Luke’s Gospel remembers this day with different words. In Luke we hear Jesus in the throes of pain say, "Father, forgive them, they know not what they do.” We still hear those words resonating through time, as Jesus’ Passion continues: As students tear through, or contemplate terrorizing, a high school to shoot their classmates and teachers, he says: “Father forgive them they know not what they do.” People are enjoying lunch at a local Denny’s a gunman begins to shoot; two are killed. Among the broken glass and spilled French Fries, Jesus walks with bleeding feet: “Father forgive them they know not what they do.” A ten-year old is in the middle of a birthday party in Chicago as a bullet rips through the window killing her; she will never see eleven. Jesus blows out her birthday candles and sheds another tear: “Father forgive them they know not what they do.” He laments as a nurse, one who is supposed to heal, silently slips into a hospital room a few miles from here and kills a Catholic priest. The nurse had killed many times before. His eyes well up: “Father forgive them they know not what they do.” He sorrows as a man is put on his trial in Afghanistan because he is Christian, or as he sees yet another soul die in Darfur, Iraq, or the other innumerable places in our world.
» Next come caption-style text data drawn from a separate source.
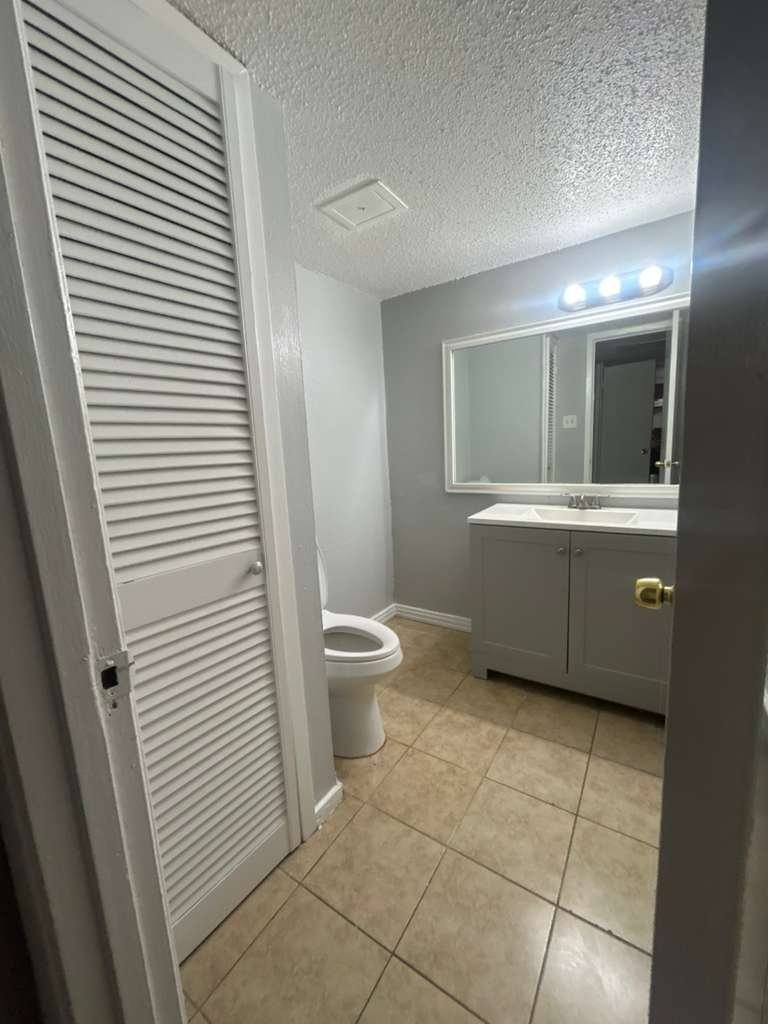 Apartment for rent at 2408 Hollandale Circle #B, Arlington, TX 76010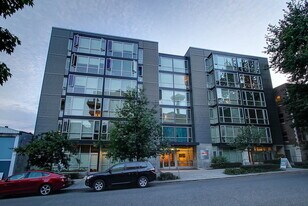 The Bernard in Seattle, WA - Building Photo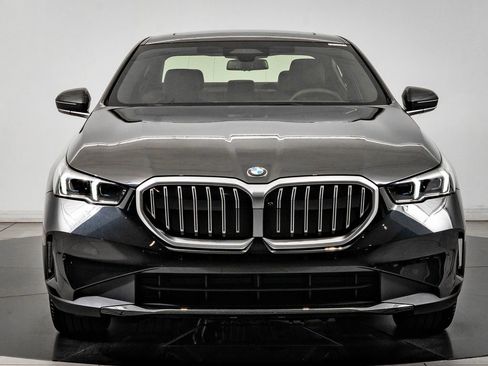Certified 2025 BMW 530i xDrive image 2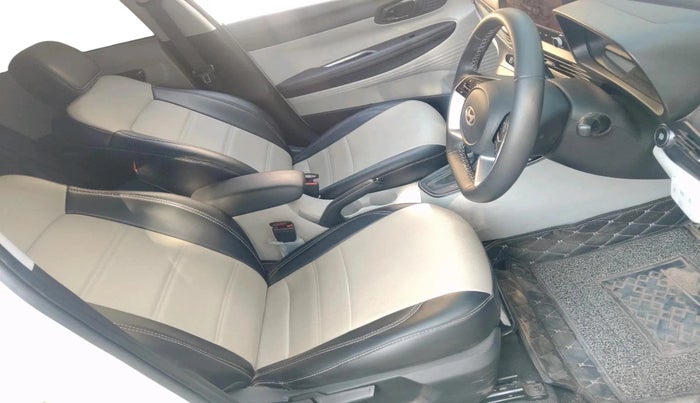 2025 Hyundai NEW I20 ASTA (O) 1.2 IVT, Petrol, Automatic, 9,105 km, interior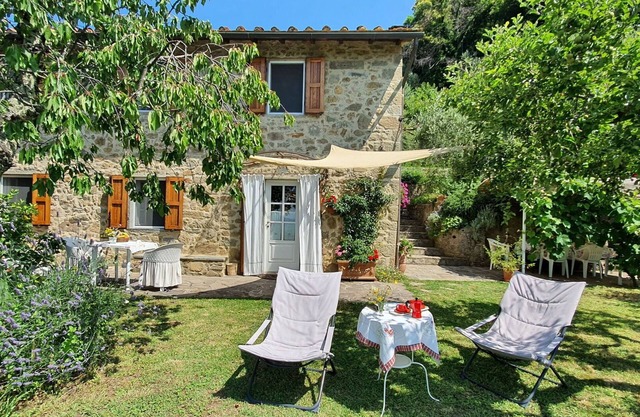 Stunning private villa with hot tub, A/C, internet, TV, pets allowed, panoramic view, close to Lucca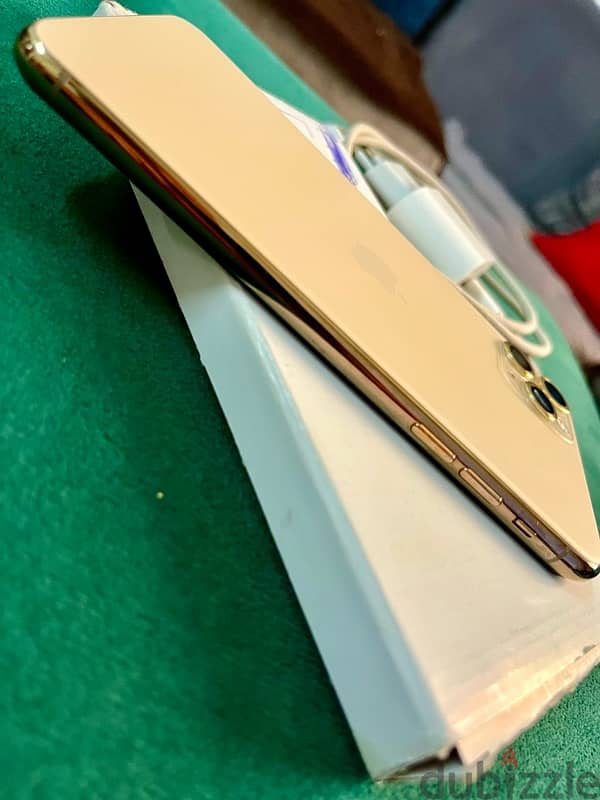 iPhone 11Pro Max Gold 9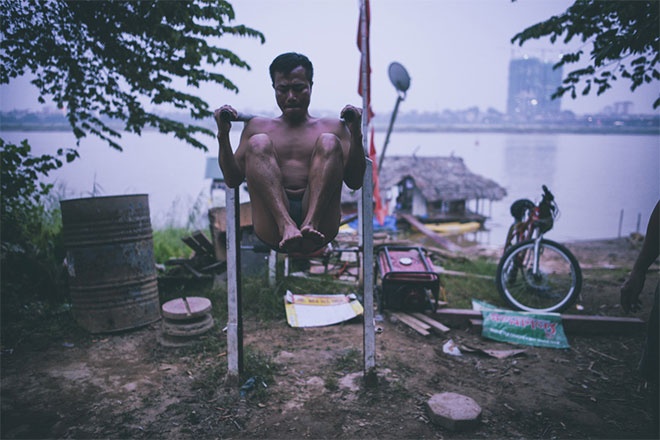 Nhu cầu tập luyện thể hình của người dân không chỉ tập trung tại nội đô. Đi qua bên kia sông Hồng, nằm ở chân đê cũng có những người đang phát triển cơ bắp.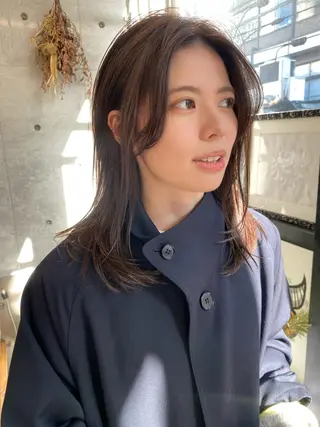 ミディアム カラー 似合わせカット レイヤーボブウルフのヘアスタイル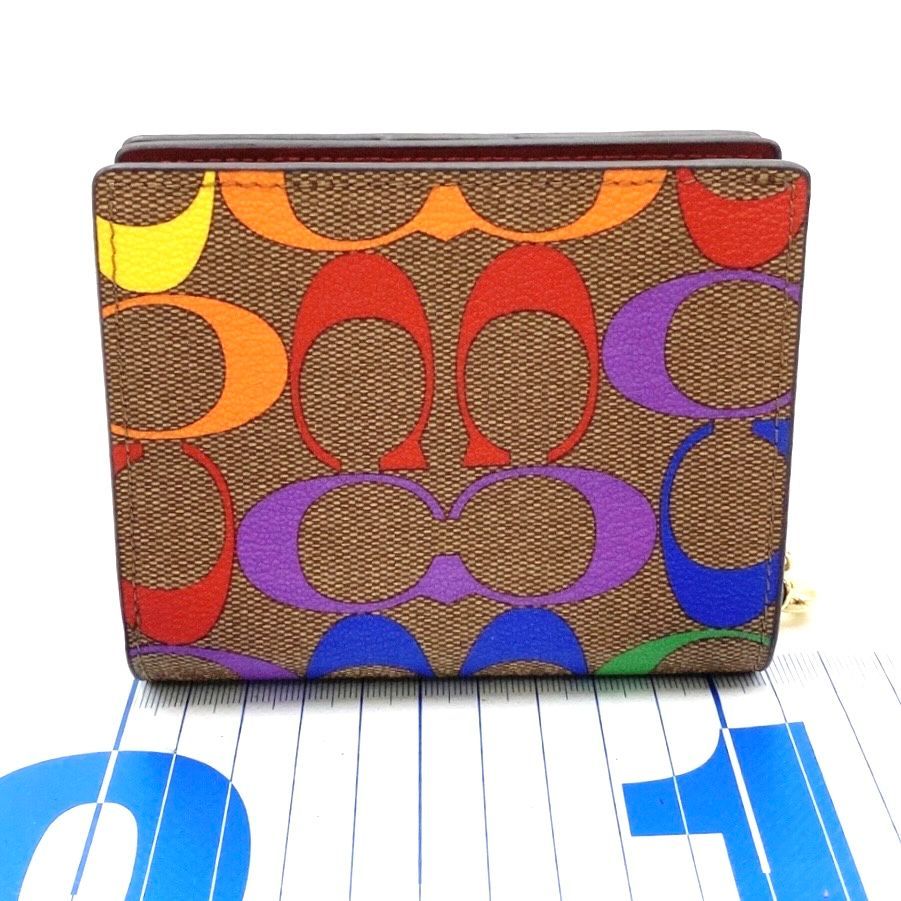 新品COACH 折り財布 コーチ レインボー C4536 コーチ COACH 二つ折り財布 財布 レインボー シグネチャー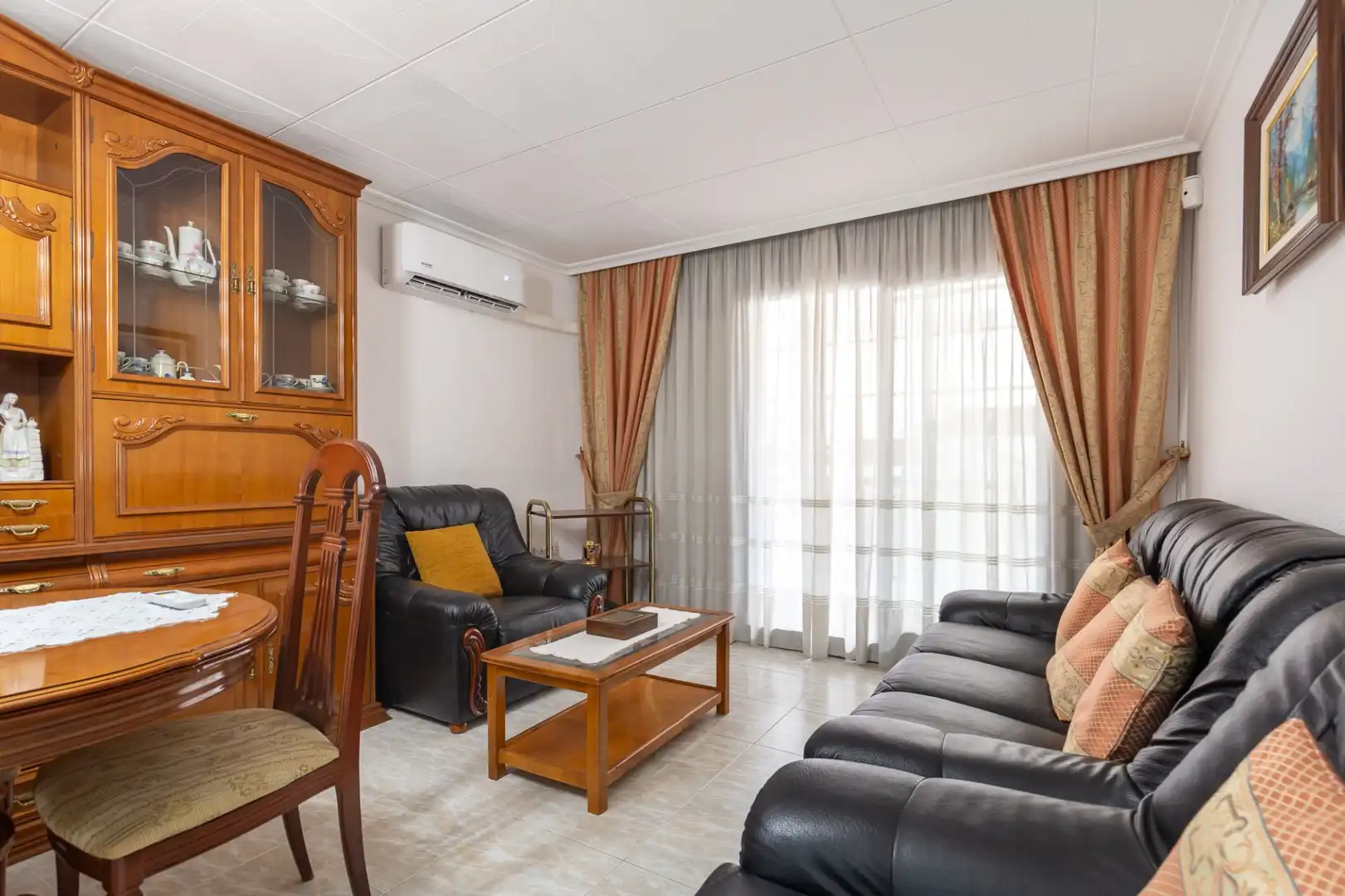 Living room of Flat for sale in Rubí  with Air Conditioner, Heating and Terrace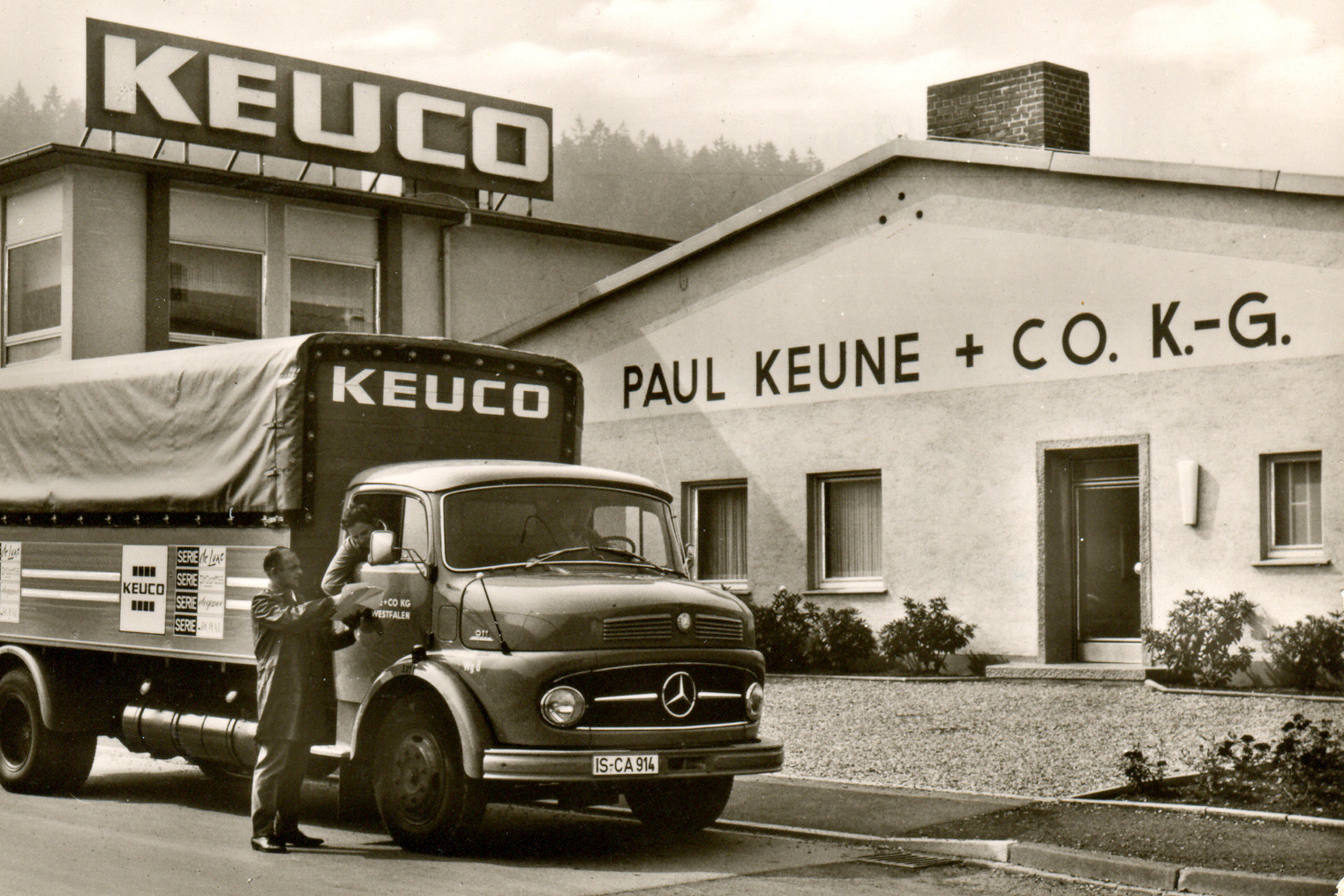 KEUCO alte Fabrik mit LKW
Jesus looks into his father’s eyes; “…forgive them for they know not what they do.” With each intercession, He steps further into the garden.
But on this night, Good Friday, we recall the scene as Jesus invites Peter, James, and John into the garden. He tells them his soul is “overwhelmed with sorrow to the point of death,” and begins to pray. Never has he felt so alone. Have you ever felt like that – so alone? (PAUSE) What must be done, only he can do; an angel can’t do it. No angel has the power to break open hell’s gates. A human can’t do it. No human has the purity to destroy sin’s claim. No force on earth can face the force of evil and win—except God.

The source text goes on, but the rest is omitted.